Indeed, the pile of luggage for the roughly two dozen passengers on board the flight was painfully small, as they were forced to leave nearly all of their possessions behind save for what could fit in a small suitcase or a plastic bag.
For many Holocaust survivors and other elderly Ukrainians, fleeing home was not an easy option, not only from an emotional standpoint but physically and logistically, due to the difficulties of traveling to the border.
“I left Kharkiv two weeks ago. The entire city was destroyed.

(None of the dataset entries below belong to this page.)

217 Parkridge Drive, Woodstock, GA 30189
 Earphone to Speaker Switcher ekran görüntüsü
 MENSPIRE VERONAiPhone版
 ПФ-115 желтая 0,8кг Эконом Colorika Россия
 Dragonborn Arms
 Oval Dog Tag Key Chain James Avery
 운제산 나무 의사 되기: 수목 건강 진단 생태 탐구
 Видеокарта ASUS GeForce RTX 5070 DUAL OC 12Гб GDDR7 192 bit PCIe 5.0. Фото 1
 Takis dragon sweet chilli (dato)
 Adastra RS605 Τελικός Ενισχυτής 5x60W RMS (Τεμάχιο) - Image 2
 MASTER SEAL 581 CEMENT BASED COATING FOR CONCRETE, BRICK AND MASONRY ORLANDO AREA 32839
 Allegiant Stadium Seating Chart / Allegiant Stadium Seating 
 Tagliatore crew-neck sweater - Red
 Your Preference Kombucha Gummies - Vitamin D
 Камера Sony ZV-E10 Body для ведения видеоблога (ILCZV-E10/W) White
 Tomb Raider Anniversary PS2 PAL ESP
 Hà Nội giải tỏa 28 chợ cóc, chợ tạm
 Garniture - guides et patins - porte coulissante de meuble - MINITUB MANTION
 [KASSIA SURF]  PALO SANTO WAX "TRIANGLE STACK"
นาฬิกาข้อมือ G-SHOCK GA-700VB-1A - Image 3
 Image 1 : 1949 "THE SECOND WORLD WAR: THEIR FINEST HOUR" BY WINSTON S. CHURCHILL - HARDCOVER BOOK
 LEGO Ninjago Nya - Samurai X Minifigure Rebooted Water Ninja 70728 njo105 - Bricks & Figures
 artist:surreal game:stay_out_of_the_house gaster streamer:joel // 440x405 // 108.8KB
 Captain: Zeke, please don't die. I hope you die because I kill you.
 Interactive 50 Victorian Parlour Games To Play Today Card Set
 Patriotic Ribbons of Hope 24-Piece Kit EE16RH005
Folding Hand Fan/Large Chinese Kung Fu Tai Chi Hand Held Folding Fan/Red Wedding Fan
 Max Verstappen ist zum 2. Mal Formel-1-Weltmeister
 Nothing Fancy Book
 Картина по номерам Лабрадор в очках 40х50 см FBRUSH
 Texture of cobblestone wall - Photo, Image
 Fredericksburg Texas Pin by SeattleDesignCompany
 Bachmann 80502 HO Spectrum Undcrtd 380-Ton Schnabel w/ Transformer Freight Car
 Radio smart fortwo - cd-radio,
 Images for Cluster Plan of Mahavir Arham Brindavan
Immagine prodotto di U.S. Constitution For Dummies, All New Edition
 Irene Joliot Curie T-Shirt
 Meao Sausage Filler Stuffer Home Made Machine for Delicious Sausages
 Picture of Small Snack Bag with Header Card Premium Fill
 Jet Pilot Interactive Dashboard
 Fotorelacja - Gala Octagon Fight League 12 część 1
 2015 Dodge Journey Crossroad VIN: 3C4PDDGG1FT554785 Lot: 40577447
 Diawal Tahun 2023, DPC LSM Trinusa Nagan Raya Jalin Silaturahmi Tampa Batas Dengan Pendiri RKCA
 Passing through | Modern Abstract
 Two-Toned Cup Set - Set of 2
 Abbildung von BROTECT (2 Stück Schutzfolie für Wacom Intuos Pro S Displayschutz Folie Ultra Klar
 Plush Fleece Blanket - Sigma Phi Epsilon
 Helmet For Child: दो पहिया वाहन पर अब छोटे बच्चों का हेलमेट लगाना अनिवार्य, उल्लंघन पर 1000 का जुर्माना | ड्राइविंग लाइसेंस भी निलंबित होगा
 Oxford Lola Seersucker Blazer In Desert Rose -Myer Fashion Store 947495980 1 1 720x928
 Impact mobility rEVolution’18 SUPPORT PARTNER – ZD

Everyone in my building hid in the subway station, but because of my medical condition, I couldn’t go down there. I stayed alone in my apartment for 10 days. I felt like I was in solitary confinement. They shut off our power, I had almost nothing left to eat. Volunteers couldn’t really get to me nor could my family,” Zhilinska said.
“I was alone in my nine-story building, without power and without the ability to connect to the world. I was like that for 10 days and then I was convinced and decided that I needed to leave my city and immigrate to Israel,” she said.
Valery Kanievski, one of the other survivors on the flight also from Kharkiv, said that while he and his wife encouraged their son to immigrate to Israel they had never planned to do so themselves.
“Our original plan was that our son would move to Israel and we would come to visit, but the plan changed because of the war. They blew up our city. That is a terrible feeling. The gunfire and the explosions just never stopped, and the feeling of terrible fear was with us constantly,” Kanievski said, recalling how his brother — also a Holocaust survivor — was nearly killed in one such bombing.
“When World War II started I was little, but I still remember our escape perfectly. I remember the bombings and I remember the fear. It is the same exact feeling that we have now,” he said.
“I didn’t believe that at my age I would need to go through this again. I didn’t believe my city would be destroyed. I didn’t believe I would have to have these feelings again,” Kanievski said.